* [To do]
If pictures appear in the lines below, skip them and copy exactly the lines from the one containing "Load image into" through the one containing "Volvo L220F Kolové nakladače", and nothing else.

* [Records for processing]

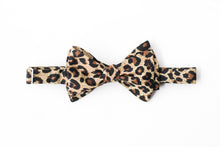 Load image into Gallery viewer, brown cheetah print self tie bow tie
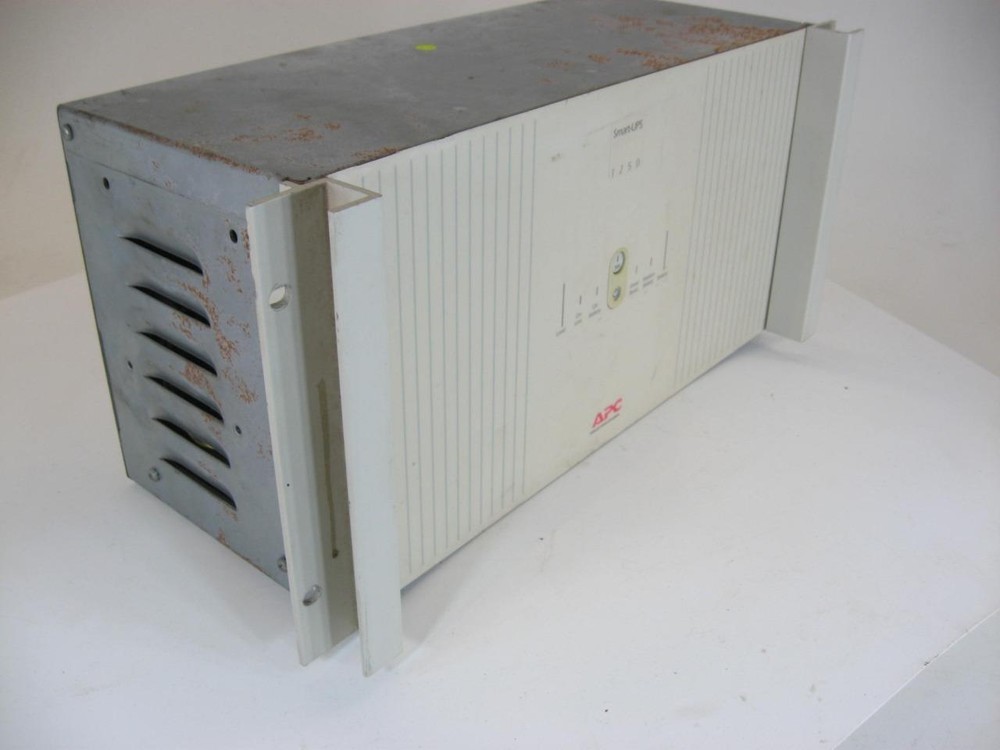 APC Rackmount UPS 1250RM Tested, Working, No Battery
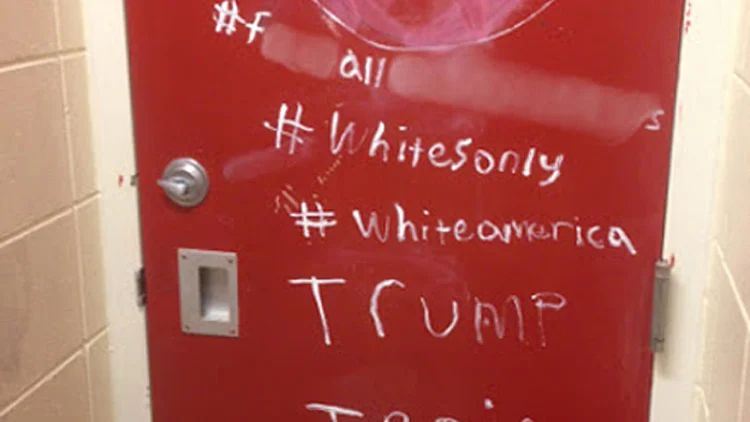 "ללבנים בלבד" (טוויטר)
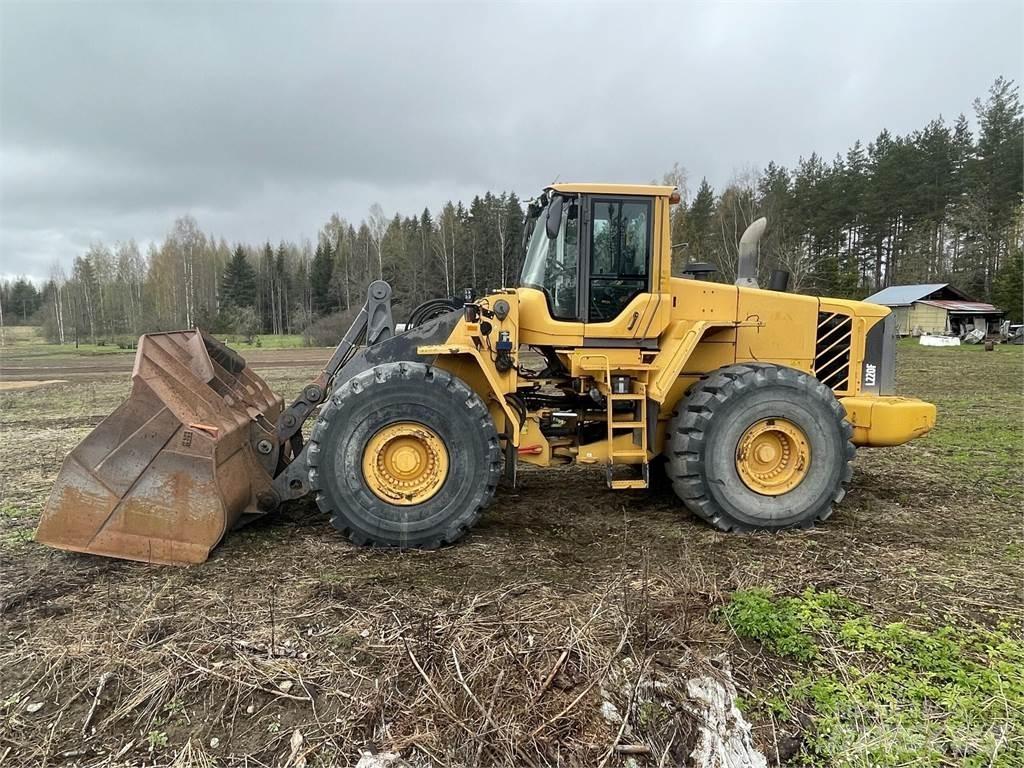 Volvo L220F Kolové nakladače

...

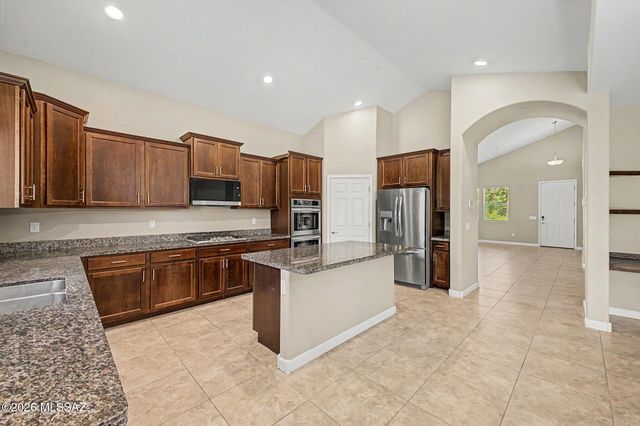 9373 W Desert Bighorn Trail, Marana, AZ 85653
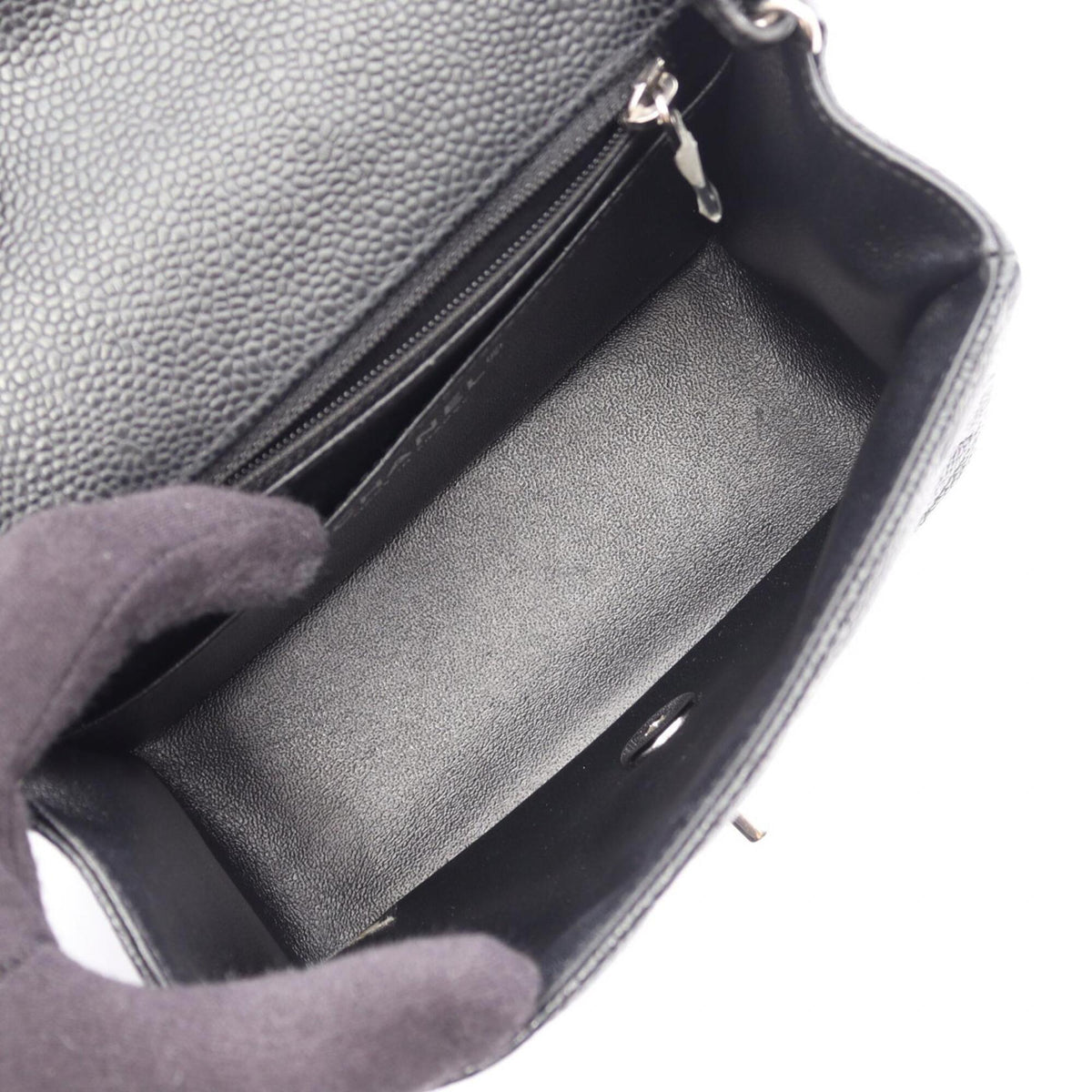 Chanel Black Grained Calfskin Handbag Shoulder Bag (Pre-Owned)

* [Answer area]
 Load image into Gallery viewer, brown cheetah print self tie bow tie
 APC Rackmount UPS 1250RM Tested, Working, No Battery
 "ללבנים בלבד" (טוויטר)
 Volvo L220F Kolové nakladače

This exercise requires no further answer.